My bill the last couple of months has jumped in an upward direction where according to my agreement with MEO, it should remain the same.

It has increased from 41 € to 50 € and I'm now talking to Vodaphone.


----------



## JohnBoy (Oct 25, 2009)

We are also totally peed off with Meo for various reasons and will be changing as soon as we can. First we have to wait for this contract to end in July then for either Vodafone or Nos to move into our area. That could be a much longer wait!


----------



## Slackrat (Apr 30, 2013)

JohnBoy said:


> We are also totally peed off with Meo for various reasons and will be changing as soon as we can. First we have to wait for this contract to end in July then for either Vodafone or Nos to move into our area. That could be a much longer wait!

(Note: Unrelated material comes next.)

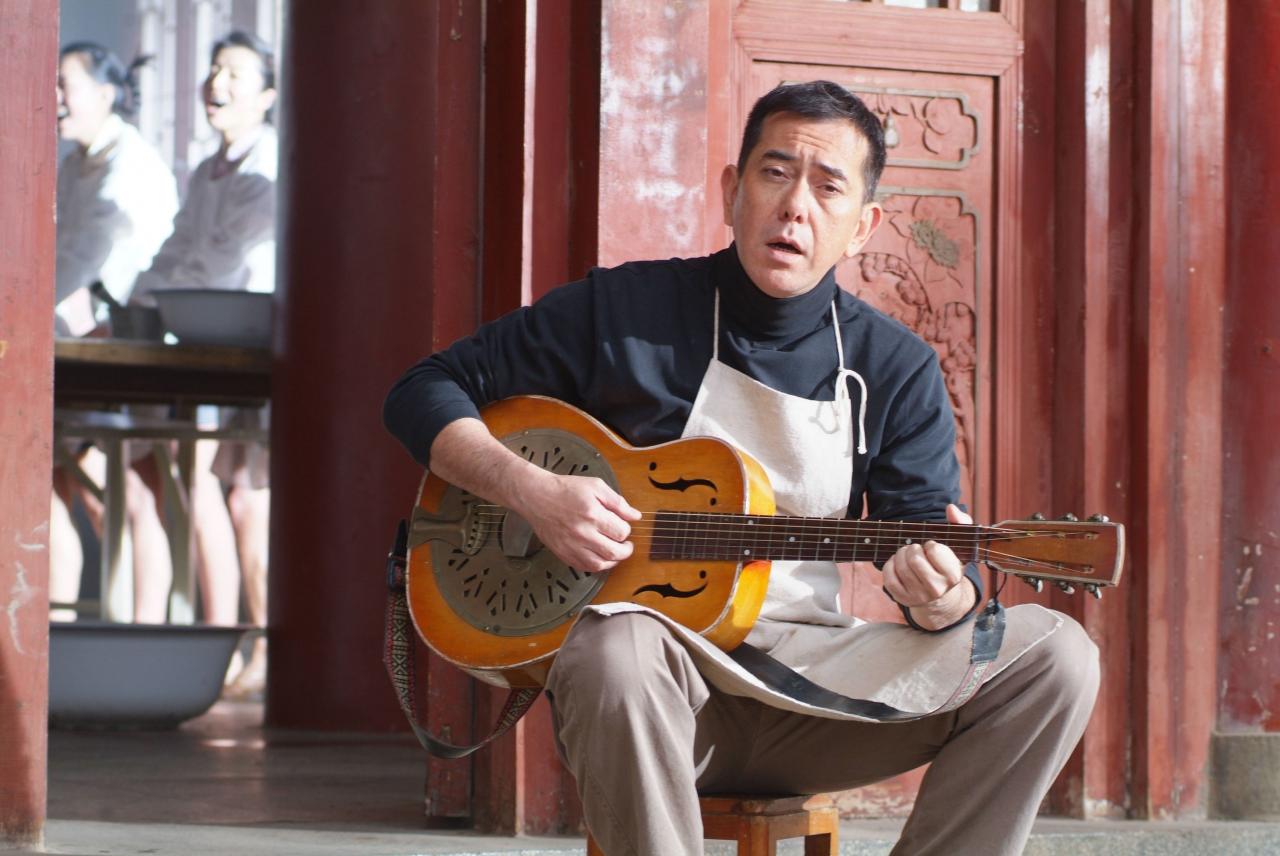 太陽照常升起 高清劇照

I may be wrong, but I believe you can cancel anytime with a months notice.


----------



## JohnBoy (Oct 25, 2009)

When we tried they told us that we still had to pay for the whole contract, but then perhaps that is yet another lie to add to the list.

Some months ago I took a SIM card for data only at €9.99 p.m. for 2Gb p.m. At the time I was told that there was no contract and that I could cancel at any time. When I tried to cancel as I longer had any use for it, they refused saying that there was a one year minimum use requirement.

We have been lied to over and over and even with different shops giving totally different answers to the same question on the same day. They cannot be trusted that's for sure and we will be cancelling just as soon as we have an alternative option. In our street that could be a long time which is very frustrating when both Vodafone and NOS are less than 1 km away from us at the moment and even they do not know if or when.


----------



## Slackrat (Apr 30, 2013)

<http://portugal.angloinfo.com/housing/setting-up-home/internet/>


How to cancel a contract

Internet service contracts may be cancelled by sending a letter or e-mail to the company providing:
Full Name
User Name
ADSL telephone number
Tax Number
Address
Telephone contact

The service will usually be cancelled one month after notification


----------



## JohnBoy (Oct 25, 2009)

Thanks Slackrat.


----------



## azoreseuropa (Nov 10, 2013)

Are you kidding me ? We always like MEO but are you sure that MEO is not good ? Why ? Because they are bad business and aren't fair to customers ? I really want to hear about it before we buy a network. Is VondaFone better than MEO ? MEO is cheap and affordable, I think. To be honest with you, my mom have ZON and I don't like ZON at all.


----------



## JohnBoy (Oct 25, 2009)

Our experience is that we would not trust any member of MEO shop or sales staff to even give us the correct time of day. The same cannot be said of the technicians who are regular visitors to our home. That must tell you something about MEO service! The technicians are always very pleasant, helpful and totally professional. 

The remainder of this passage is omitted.